======== Dataset extract

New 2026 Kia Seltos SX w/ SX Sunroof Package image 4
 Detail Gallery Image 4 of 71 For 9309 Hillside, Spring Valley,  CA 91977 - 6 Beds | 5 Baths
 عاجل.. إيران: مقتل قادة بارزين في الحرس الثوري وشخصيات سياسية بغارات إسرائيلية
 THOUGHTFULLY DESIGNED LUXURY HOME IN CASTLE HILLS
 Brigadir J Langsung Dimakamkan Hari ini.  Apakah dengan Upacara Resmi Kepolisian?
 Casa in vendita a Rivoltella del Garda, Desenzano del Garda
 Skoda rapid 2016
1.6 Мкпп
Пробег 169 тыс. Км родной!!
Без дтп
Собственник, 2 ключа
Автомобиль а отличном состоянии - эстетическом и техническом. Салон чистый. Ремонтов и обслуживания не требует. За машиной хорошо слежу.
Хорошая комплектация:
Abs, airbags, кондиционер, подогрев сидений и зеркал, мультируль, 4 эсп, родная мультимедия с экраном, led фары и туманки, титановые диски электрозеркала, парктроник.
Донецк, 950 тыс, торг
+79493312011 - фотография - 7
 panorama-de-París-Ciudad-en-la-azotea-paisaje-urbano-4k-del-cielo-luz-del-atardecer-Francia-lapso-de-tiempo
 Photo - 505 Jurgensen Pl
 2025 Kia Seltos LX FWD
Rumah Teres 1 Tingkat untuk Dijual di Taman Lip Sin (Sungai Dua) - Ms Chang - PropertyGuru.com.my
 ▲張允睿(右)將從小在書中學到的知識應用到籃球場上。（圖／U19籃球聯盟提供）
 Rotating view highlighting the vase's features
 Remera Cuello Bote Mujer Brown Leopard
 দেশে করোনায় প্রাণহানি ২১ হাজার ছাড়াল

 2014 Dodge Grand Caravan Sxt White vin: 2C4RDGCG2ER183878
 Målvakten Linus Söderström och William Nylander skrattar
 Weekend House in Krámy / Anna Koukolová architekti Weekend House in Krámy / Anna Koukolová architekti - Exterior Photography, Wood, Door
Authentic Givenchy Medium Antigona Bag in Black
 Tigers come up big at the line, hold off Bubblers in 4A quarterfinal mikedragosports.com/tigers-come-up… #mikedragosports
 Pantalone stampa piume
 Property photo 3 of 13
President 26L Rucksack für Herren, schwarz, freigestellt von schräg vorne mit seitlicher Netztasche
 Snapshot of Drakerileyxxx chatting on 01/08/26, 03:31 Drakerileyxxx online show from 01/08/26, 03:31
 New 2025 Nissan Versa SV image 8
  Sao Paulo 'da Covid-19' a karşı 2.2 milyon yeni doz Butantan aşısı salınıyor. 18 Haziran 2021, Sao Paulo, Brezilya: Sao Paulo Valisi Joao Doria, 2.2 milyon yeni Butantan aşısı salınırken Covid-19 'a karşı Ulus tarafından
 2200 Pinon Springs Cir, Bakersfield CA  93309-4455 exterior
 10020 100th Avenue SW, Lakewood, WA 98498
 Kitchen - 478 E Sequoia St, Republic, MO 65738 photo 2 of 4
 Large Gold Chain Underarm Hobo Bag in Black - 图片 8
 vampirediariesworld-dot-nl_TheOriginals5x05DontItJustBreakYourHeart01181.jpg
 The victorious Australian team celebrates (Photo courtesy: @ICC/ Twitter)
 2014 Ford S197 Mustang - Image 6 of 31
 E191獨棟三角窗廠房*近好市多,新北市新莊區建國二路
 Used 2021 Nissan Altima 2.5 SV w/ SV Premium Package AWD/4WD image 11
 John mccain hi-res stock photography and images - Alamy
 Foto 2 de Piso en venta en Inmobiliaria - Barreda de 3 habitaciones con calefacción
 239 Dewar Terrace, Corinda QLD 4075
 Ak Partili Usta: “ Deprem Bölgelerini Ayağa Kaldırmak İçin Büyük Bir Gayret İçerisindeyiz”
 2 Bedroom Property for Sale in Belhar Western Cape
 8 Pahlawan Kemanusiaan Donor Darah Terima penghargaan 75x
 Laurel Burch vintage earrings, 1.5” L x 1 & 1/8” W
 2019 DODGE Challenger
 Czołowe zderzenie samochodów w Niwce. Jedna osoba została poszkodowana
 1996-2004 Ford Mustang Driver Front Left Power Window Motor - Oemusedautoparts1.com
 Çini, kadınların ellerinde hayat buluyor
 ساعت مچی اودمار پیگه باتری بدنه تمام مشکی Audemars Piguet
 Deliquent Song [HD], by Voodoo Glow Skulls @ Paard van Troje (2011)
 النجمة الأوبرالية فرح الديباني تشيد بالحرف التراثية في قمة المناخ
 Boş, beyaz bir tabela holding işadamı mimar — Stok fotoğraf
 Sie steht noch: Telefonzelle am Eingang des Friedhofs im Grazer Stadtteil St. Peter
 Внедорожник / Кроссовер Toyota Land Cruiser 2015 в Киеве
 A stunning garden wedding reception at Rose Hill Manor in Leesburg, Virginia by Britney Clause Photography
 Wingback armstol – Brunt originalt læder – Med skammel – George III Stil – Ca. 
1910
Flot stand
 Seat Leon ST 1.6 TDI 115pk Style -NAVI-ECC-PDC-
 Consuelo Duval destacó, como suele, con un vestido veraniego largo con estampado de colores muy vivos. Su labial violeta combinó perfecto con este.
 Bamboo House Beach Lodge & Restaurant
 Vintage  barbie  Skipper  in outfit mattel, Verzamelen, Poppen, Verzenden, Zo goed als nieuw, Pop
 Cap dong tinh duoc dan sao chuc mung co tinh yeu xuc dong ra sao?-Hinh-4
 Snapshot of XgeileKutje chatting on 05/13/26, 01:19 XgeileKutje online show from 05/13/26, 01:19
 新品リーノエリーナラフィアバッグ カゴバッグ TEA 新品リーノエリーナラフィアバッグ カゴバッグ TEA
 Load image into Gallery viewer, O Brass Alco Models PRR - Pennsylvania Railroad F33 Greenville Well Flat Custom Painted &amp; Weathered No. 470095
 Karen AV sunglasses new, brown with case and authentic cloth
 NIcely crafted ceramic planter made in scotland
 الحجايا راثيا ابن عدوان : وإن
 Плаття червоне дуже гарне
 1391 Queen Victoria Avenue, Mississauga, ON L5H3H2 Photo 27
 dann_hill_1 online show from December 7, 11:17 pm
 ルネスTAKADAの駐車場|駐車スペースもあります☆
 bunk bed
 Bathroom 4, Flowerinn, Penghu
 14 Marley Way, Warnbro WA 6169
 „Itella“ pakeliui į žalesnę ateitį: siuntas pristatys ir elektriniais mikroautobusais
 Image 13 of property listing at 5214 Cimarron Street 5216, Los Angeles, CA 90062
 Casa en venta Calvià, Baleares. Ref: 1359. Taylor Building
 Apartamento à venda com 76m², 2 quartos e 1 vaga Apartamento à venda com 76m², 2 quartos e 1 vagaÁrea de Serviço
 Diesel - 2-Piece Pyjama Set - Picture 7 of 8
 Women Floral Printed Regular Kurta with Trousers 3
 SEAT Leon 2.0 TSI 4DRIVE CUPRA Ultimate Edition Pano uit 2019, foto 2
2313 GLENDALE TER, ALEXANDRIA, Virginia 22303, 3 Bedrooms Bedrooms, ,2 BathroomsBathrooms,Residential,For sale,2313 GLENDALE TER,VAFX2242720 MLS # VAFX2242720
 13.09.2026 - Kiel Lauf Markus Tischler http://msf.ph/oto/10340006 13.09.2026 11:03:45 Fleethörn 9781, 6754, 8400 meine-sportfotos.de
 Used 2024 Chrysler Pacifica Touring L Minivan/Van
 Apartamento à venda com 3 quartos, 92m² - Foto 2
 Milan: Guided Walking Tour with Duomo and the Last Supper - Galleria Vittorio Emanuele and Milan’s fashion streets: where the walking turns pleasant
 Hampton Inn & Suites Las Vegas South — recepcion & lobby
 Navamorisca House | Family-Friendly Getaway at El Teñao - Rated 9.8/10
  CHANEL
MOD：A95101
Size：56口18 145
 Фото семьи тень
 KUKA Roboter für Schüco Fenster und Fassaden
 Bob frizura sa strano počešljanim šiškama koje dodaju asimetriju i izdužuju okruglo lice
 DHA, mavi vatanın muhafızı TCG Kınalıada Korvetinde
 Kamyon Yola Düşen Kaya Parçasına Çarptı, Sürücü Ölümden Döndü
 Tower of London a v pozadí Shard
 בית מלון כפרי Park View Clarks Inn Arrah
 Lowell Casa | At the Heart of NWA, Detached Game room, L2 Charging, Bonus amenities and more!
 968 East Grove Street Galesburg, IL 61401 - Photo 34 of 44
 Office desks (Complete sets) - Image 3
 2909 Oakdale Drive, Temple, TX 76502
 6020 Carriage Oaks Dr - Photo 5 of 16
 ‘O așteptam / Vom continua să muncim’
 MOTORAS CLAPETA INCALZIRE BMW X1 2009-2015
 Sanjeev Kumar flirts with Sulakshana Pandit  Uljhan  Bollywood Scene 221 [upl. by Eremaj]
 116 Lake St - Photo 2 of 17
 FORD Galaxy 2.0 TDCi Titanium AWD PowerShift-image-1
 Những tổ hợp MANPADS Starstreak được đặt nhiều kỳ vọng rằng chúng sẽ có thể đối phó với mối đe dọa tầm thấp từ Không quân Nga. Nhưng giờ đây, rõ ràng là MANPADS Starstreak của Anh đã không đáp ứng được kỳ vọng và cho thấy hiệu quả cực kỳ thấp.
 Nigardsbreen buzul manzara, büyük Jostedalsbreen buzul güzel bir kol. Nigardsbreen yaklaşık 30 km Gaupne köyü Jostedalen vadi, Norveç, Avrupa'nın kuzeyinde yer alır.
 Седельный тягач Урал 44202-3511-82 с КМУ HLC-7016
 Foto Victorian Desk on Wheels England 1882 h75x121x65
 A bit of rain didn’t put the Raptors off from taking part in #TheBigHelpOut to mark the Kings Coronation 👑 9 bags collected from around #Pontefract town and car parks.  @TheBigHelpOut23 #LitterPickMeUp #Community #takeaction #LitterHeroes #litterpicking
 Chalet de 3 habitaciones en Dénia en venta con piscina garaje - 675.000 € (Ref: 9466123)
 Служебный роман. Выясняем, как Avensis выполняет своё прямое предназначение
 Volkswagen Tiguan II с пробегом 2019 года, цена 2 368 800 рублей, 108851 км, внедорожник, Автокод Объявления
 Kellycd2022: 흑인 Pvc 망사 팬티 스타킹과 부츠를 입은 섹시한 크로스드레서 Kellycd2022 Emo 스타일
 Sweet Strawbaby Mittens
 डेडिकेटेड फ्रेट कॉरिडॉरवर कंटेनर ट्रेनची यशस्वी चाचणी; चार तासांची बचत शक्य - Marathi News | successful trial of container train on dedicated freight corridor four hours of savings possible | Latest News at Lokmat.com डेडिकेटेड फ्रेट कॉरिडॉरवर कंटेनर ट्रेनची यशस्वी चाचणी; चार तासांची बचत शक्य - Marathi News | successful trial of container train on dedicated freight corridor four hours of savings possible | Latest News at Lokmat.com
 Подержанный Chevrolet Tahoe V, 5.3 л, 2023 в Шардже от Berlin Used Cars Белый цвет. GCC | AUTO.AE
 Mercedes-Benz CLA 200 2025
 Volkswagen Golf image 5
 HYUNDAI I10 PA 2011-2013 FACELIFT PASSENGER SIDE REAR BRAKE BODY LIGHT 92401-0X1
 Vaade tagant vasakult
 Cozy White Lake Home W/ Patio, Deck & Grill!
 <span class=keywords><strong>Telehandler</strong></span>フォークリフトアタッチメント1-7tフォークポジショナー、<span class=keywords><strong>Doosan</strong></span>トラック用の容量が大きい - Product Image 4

================

= What to produce =
Search term "Seltos": return each line of the data that contains it.

= Worked solution =
New 2026 Kia Seltos SX w/ SX Sunroof Package image 4
 2025 Kia Seltos LX FWD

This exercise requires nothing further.